▶ THE PROBLEM
Which lines below hold the word "Creek"? Copy all of them.

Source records
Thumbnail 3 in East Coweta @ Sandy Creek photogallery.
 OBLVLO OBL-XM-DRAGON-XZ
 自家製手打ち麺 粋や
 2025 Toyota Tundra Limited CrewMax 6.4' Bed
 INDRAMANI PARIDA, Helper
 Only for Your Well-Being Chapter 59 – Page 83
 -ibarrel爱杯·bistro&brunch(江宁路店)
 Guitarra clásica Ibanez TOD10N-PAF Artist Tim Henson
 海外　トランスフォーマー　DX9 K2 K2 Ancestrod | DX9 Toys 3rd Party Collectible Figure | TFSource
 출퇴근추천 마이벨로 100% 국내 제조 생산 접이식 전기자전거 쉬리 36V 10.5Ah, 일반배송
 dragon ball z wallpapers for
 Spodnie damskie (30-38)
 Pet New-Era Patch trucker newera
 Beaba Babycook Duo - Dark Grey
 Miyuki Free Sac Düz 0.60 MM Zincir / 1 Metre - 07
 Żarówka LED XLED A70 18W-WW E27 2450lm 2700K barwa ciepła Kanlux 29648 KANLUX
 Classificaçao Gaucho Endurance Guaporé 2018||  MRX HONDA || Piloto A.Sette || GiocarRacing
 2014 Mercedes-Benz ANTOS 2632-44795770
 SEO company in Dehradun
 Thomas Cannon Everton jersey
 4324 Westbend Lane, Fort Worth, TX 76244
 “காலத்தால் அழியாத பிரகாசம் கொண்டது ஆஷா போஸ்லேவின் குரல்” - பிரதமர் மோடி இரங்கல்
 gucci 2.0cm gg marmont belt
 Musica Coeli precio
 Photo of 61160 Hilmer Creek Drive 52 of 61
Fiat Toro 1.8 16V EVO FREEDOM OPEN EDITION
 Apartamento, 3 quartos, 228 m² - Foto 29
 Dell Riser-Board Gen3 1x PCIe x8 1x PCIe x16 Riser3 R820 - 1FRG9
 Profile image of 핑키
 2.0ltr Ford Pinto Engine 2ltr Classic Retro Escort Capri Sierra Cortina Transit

▶ RESPONSE FOR THIS EXERCISE
Thumbnail 3 in East Coweta @ Sandy Creek photogallery.
 Photo of 61160 Hilmer Creek Drive 52 of 61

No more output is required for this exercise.